Problem to solve – Given the material below, return only the lines starting at the line with "هل الأوضاع الإقليمية" and ending at the line with "Wanderung von Innereriz", exactly as they appear.

Records shown –
________

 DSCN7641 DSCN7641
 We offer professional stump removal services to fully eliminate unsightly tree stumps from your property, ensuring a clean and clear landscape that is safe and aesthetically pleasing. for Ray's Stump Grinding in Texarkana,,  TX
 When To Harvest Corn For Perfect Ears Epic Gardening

________

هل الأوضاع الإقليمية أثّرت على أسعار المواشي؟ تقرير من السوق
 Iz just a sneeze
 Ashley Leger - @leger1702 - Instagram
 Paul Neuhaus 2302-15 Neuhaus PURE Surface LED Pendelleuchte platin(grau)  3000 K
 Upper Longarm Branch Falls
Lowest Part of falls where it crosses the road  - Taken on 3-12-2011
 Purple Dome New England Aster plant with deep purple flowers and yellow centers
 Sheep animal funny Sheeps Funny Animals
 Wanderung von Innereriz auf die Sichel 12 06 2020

________

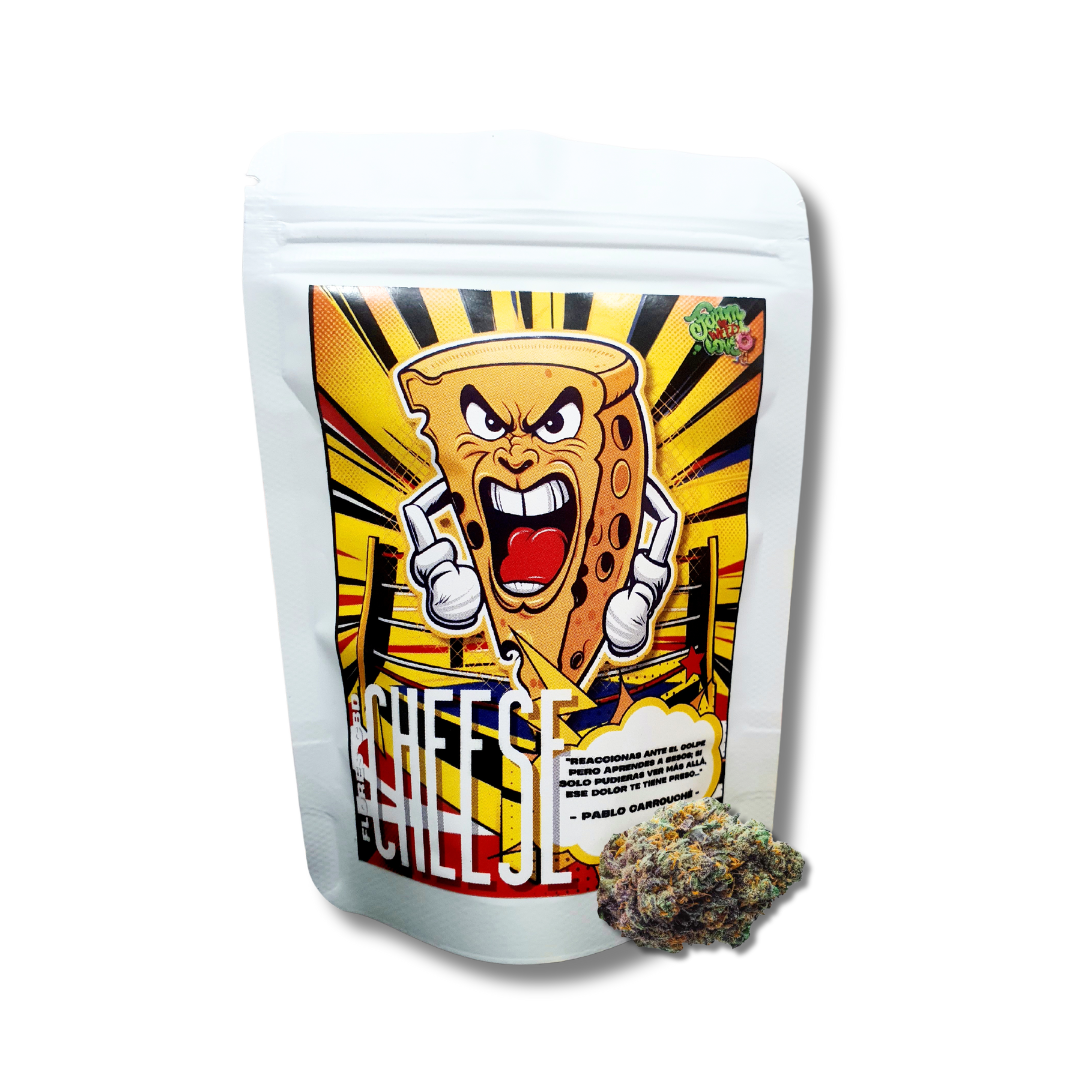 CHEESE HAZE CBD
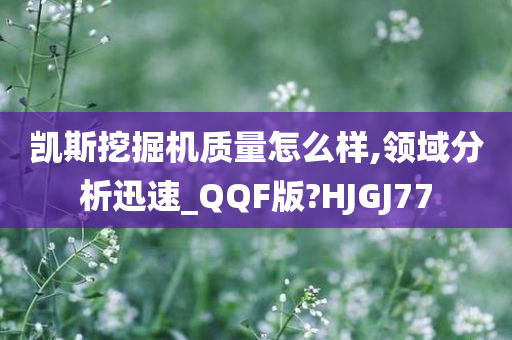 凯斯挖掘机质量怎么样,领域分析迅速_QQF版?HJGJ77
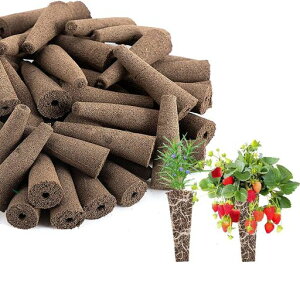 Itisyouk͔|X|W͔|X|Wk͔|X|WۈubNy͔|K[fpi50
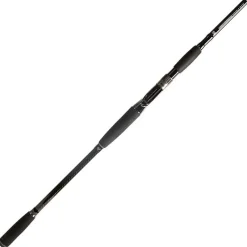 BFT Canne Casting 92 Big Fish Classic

________

Solution –
هل الأوضاع الإقليمية أثّرت على أسعار المواشي؟ تقرير من السوق
 Iz just a sneeze
 Ashley Leger - @leger1702 - Instagram
 Paul Neuhaus 2302-15 Neuhaus PURE Surface LED Pendelleuchte platin(grau)  3000 K
 Upper Longarm Branch Falls
Lowest Part of falls where it crosses the road  - Taken on 3-12-2011
 Purple Dome New England Aster plant with deep purple flowers and yellow centers
 Sheep animal funny Sheeps Funny Animals
 Wanderung von Innereriz auf die Sichel 12 06 2020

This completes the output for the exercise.